§ **Records shown**:
********************

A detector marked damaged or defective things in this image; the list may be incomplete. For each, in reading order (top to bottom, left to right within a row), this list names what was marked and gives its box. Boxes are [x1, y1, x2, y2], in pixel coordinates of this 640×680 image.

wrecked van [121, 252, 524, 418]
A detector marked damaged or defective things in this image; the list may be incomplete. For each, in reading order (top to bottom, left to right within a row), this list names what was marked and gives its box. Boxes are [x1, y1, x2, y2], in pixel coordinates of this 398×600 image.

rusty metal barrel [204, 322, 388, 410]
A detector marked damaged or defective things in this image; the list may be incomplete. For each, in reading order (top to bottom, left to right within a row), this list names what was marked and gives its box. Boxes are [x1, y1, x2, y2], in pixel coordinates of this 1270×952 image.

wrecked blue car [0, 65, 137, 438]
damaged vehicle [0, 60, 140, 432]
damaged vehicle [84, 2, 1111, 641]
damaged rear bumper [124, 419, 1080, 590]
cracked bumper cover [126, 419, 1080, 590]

********************

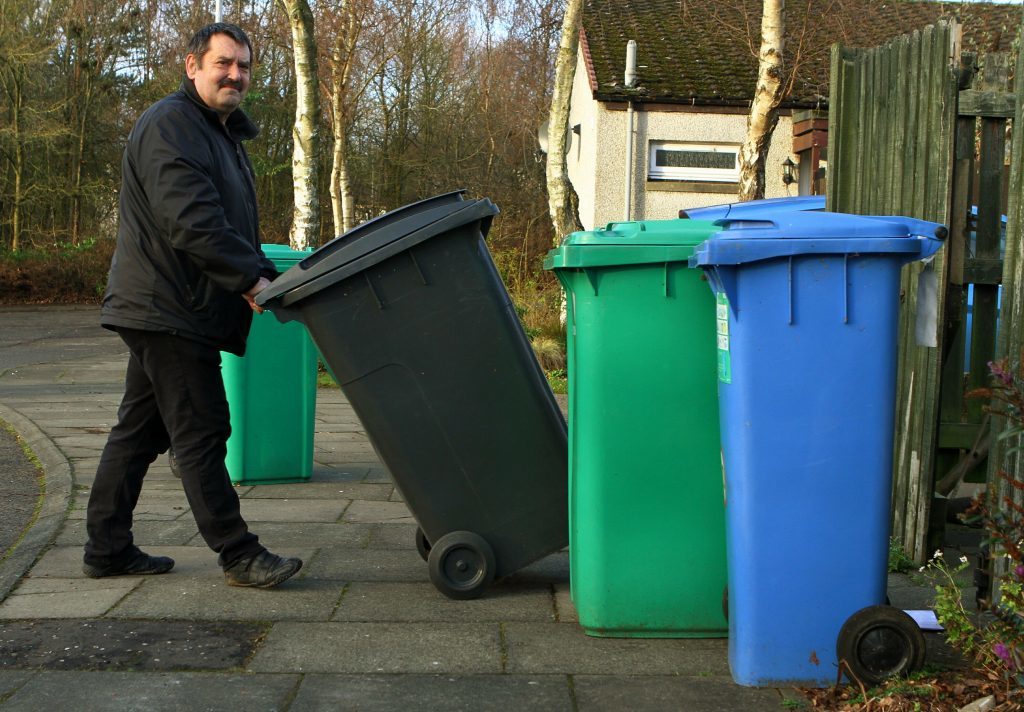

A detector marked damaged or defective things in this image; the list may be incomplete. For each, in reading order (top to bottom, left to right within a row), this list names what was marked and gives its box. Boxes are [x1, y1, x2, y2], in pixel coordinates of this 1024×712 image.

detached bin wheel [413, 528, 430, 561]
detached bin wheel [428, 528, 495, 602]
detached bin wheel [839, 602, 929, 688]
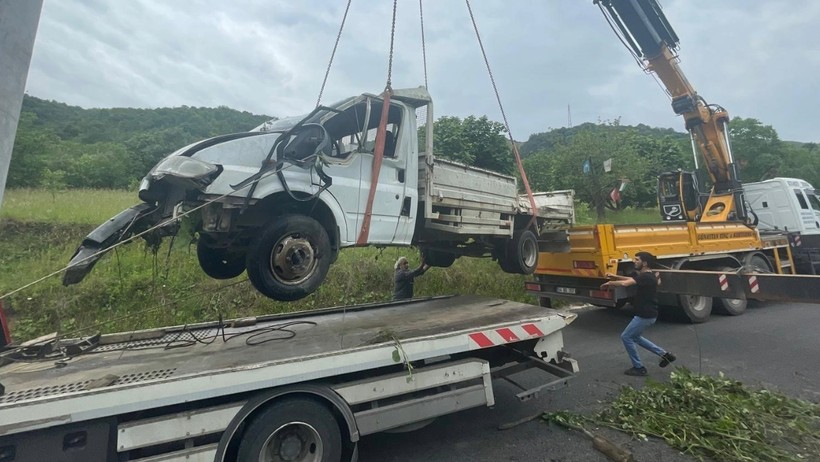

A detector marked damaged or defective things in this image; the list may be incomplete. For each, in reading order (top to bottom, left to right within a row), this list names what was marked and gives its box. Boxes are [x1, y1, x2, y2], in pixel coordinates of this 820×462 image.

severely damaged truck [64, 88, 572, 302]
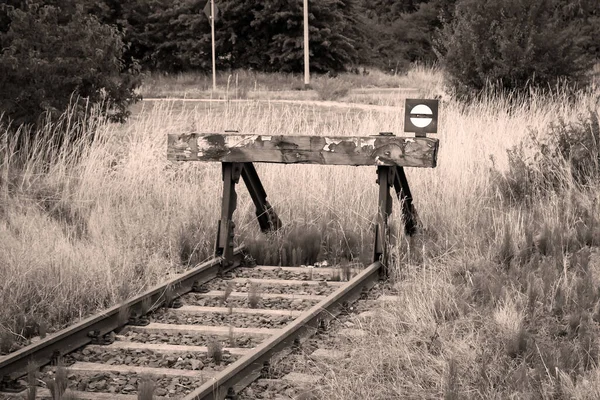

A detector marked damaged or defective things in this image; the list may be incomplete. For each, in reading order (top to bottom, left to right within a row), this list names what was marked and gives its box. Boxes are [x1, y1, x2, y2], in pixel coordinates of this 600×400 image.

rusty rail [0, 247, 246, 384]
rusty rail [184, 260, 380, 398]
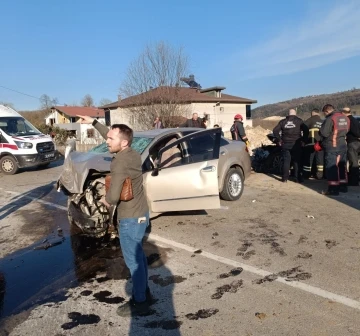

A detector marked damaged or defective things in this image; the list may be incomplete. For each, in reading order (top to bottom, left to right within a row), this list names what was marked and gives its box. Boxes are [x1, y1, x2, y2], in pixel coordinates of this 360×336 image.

********************

§ **Requirement**:
Transcribe exactly the lines above, beginning at the one with "this 600×400 image." and going up to and including the one with "this 360×336 image.". Pictures do not belong in the copy.

§ **Exercise output**:
A detector marked damaged or defective things in this image; the list may be incomplete. For each, in reading order (top to bottom, left to right within a row), this list names what was marked and gives its box. Boxes are [x1, y1, x2, y2], in pixel coordinates of this 600×400 image.

rusty rail [0, 247, 246, 384]
rusty rail [184, 260, 380, 398]

A detector marked damaged or defective things in this image; the list may be incomplete. For each, in reading order (top to bottom, left to right within a row), this list names what was marked and gives its box. Boxes are [x1, y1, x2, y2], in pixel coordinates of this 360×336 image.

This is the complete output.